Fue el capataz del régimen, el gerente del miedo, el verdugo que prometía orden. Su condena, sin embargo, no toca las causas, solo los efectos. No juzga al sistema que lo creó, sino a una maniobra dentro de su aparato de defensa. Uribe no fue la excepción, fue la regla. Y esa regla sigue intacta.
¿Y ahora qué?
El fallo detalla que Uribe usó su posición para presionar testigos, falsificar pruebas y manipular la justicia. Pero los verdaderos crímenes de Estado siguen impunes. No hubo cargos por los “falsos positivos”, ni por las alianzas con las AUC, ni por las limpiezas sociales. Las víctimas directas de esas políticas siguen esperando.
El régimen que Uribe consolidó —oligárquico, violento, anticomunista, neoliberal— sigue en pie. Los clanes económicos, las élites mediáticas, los generales intocables, las multinacionales extractivas, todos ellos siguen dominando. La condena no altera la matriz de dominación. Al contrario, la legitima al simular justicia donde solo hay castigo simbólico.

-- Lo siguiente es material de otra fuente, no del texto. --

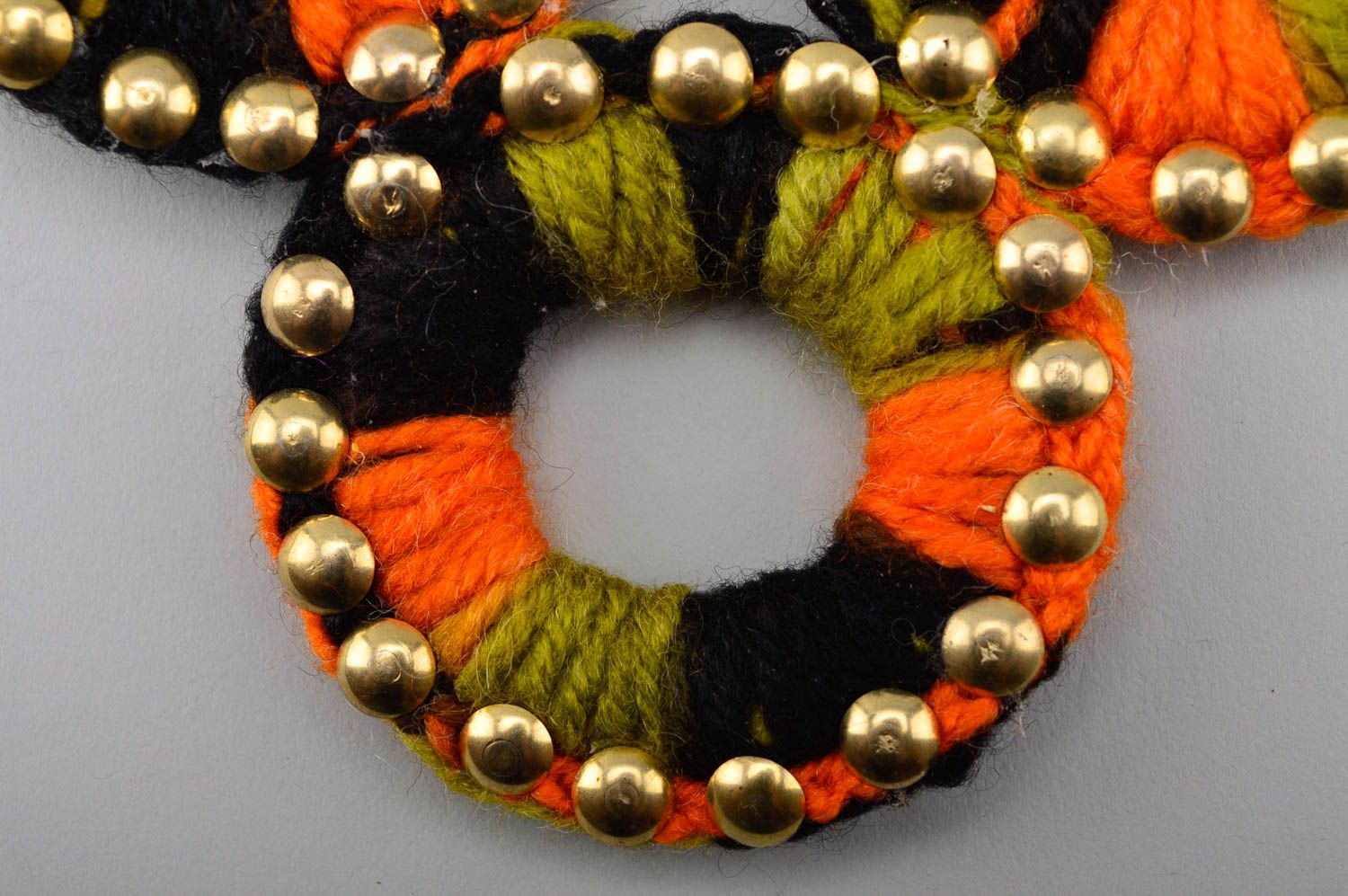 Ожерелье из ниток ручной работы украшение на шею колье из ниток оригинальное фото 3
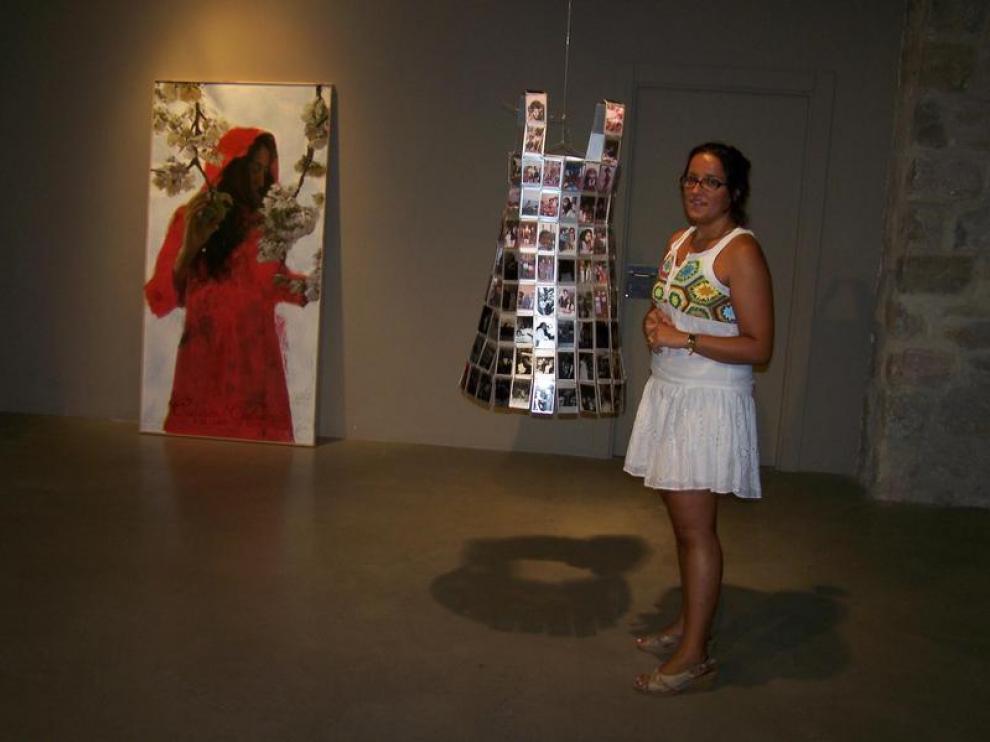 La artista grausina, Peña Marín, en la Casa Heredia junto a sus obras.
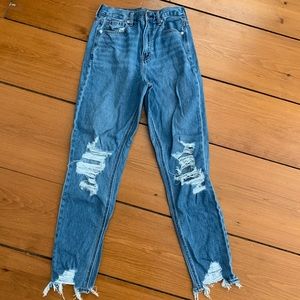 american eagle outfitters mom jeans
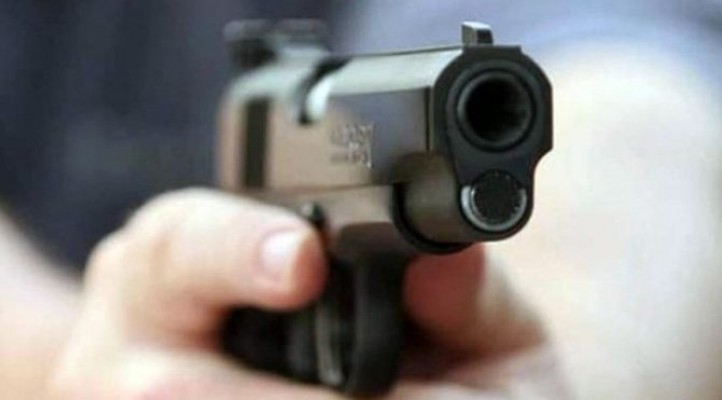 9 yaşındaki çocuk, silahla oynarken kendini vurdu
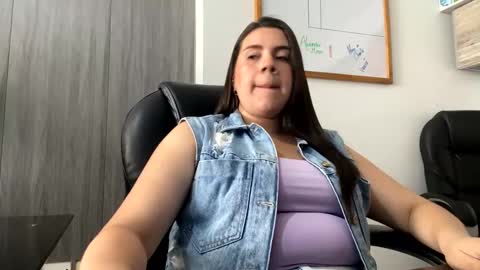 Snapshot of mona28__ chatting on 09.16.25 Mona online show from 09.16.25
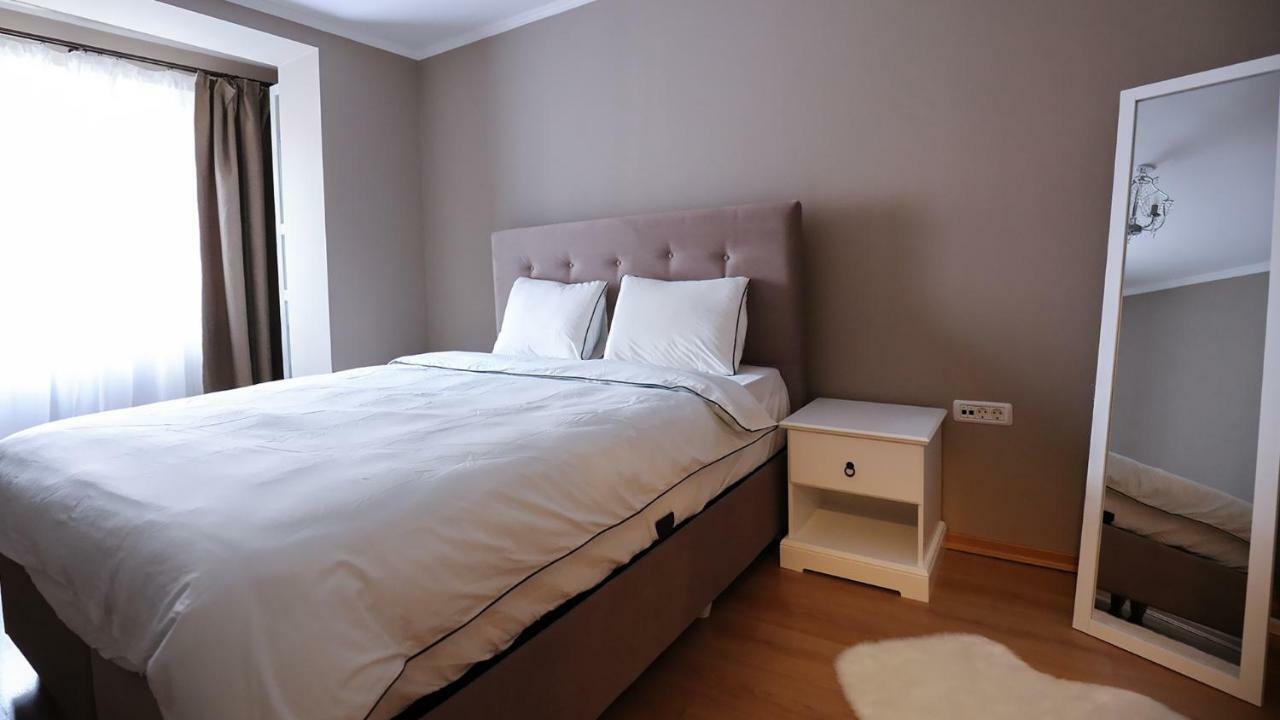 Old Square Apartments 5 티미쇼아라 외부 사진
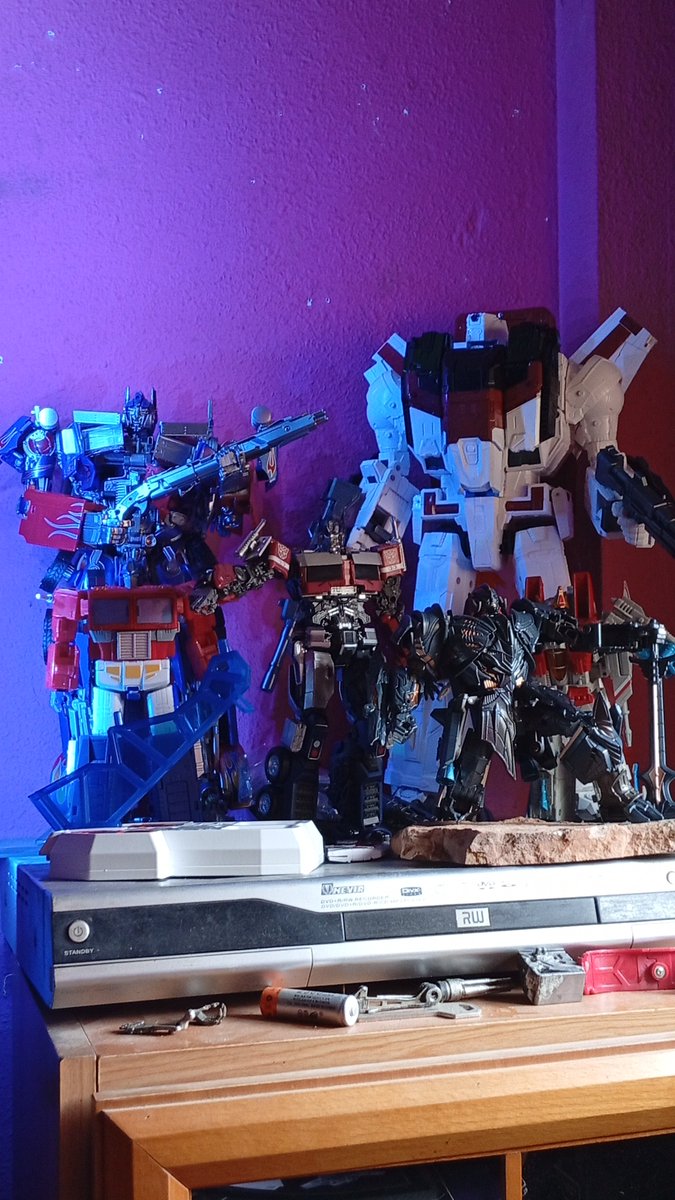 conejatoralmade's tweet photo. @BeyondHUpdate Transformers fans Almadén https://t.co/IrWOdMsLGP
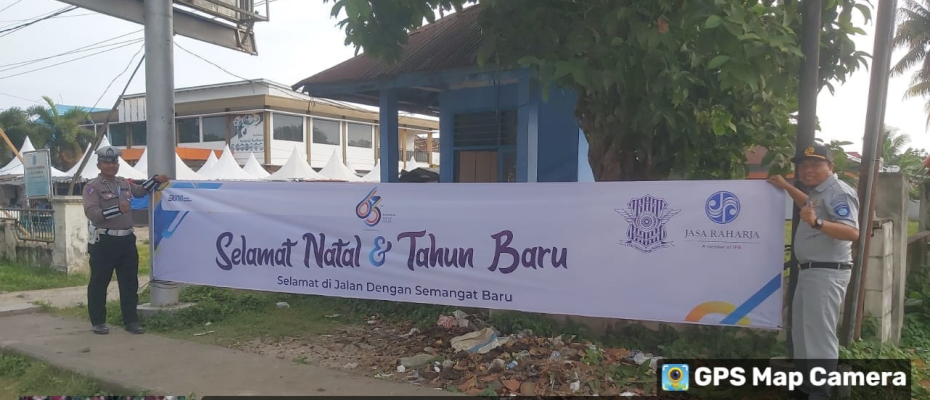 Satgas Kamseltibcar Lantas Polres Kaur dan Dinas Jasa Raharja Pasang Spanduk Ucapan Selamat Natal dan Tahun Baru 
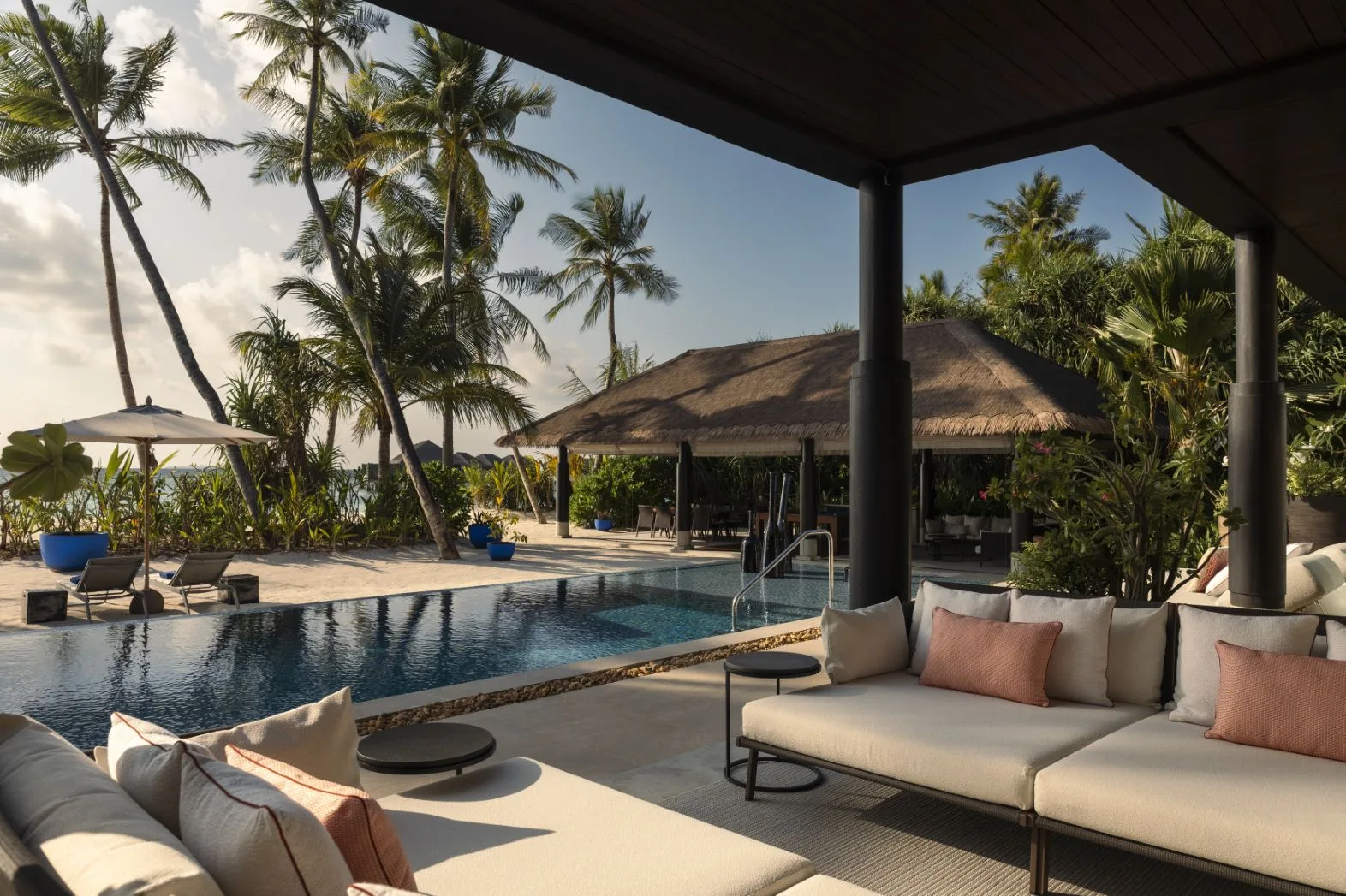 Kuredhi Private Island Outdoor Area Pic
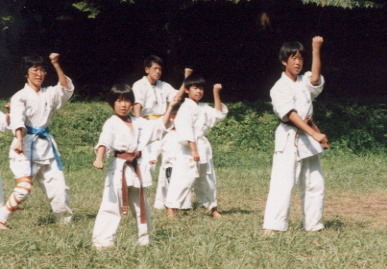 2002.8.25.moe-karate1.jpg (61500 バイト)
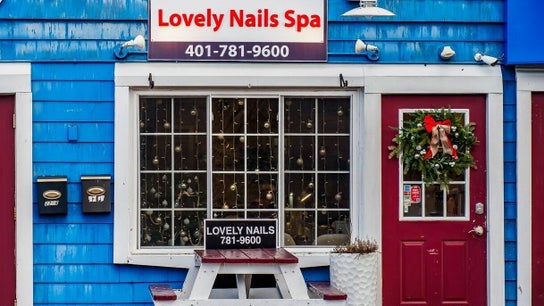 Lovely Nails Spa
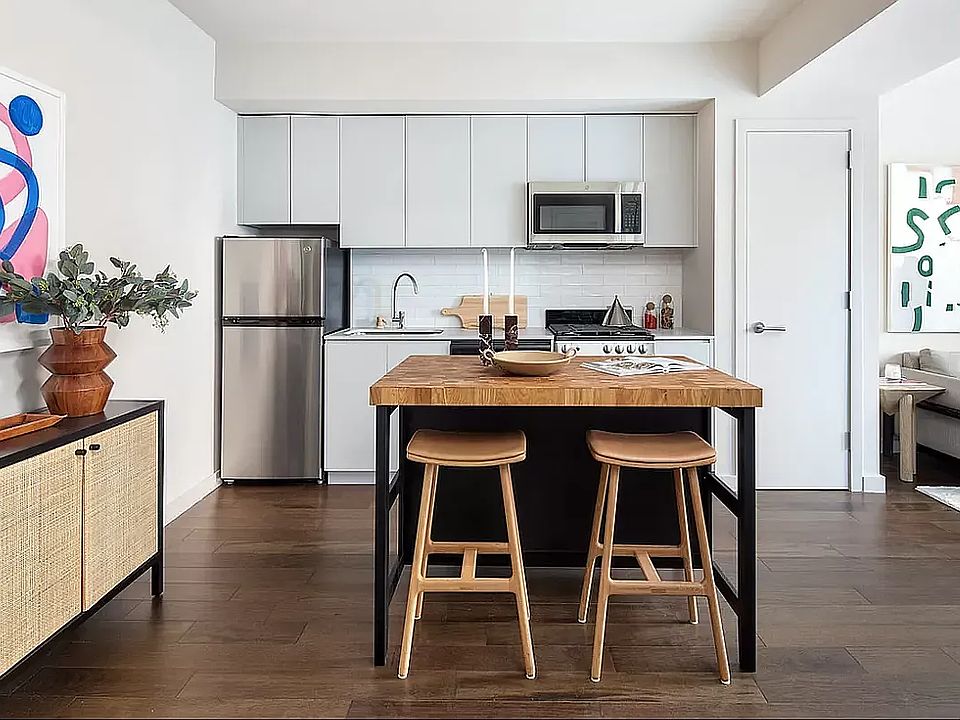 1st image of 445 Grand Ave #1904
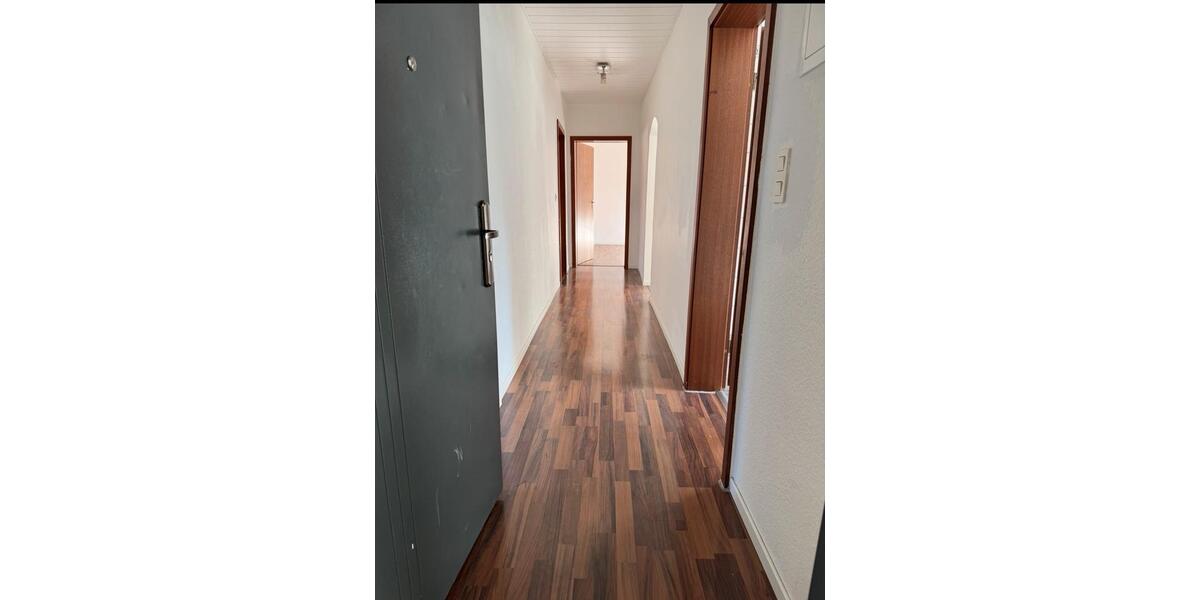 Dachgeschoßwohnung Duisburg Ruhrort - 4 Zimmer, 84 m&sup2;, 610&euro; | Angebot:26297455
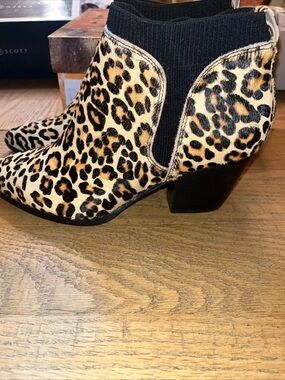 Bella Vita Women’s Booties Ankle Boots Black Tan Leopard Lottie 7 M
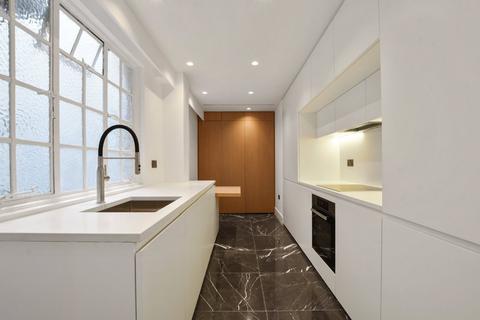 2 bedroom flat for sale, Eaton House, 39-40 Upper Grosvenor Street, Mayfair, London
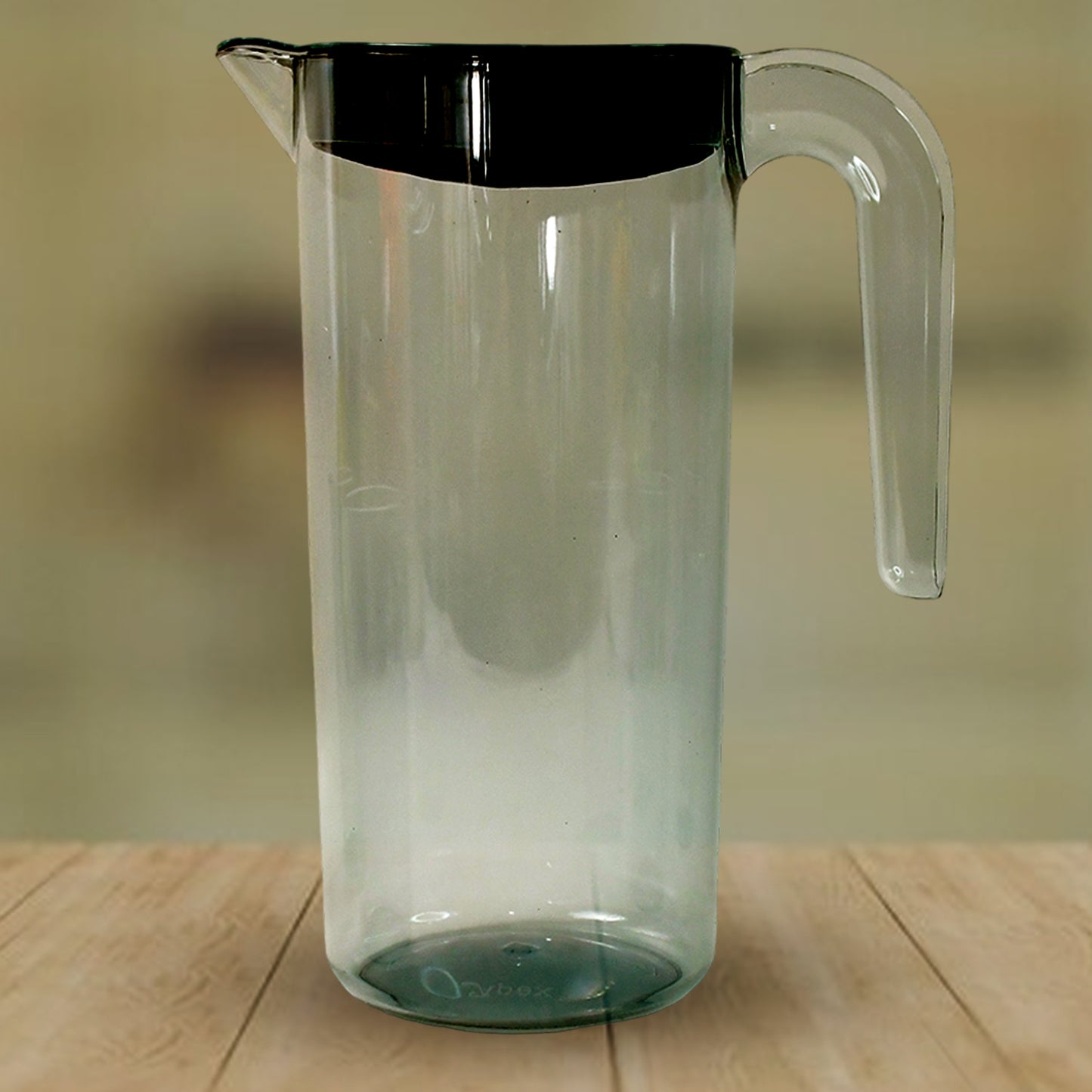 Set of four Wukusy Apex Crystal Premium glass jugs with lids, 1500ml and 300ml sizes, for beverages and storage.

Conclusión: una victoria a medias para una justicia subordinada
El caso Uribe sienta un precedente histórico, pero no un punto de inflexión real. Es una señal de que incluso los poderosos pueden ser señalados, siempre y cuando el sistema que los produce no esté en riesgo. La jaula dorada del Matarife sirve para presentar un rostro de institucionalidad, mientras las élites siguen reproduciendo su poder.
La verdadera justicia —como señala el informe de la Comisión de la Verdad— implicaría reparación integral, justicia por los crímenes de lesa humanidad, y una transformación estructural del país. Pero eso, por ahora, no se ve en el horizonte.
Uribe ha caído, pero el uribismo como expresión del régimen sigue vivito y coleando. Su condena no fue una ruptura con el pasado, sino un ajuste del presente para proteger el futuro de los mismos de siempre.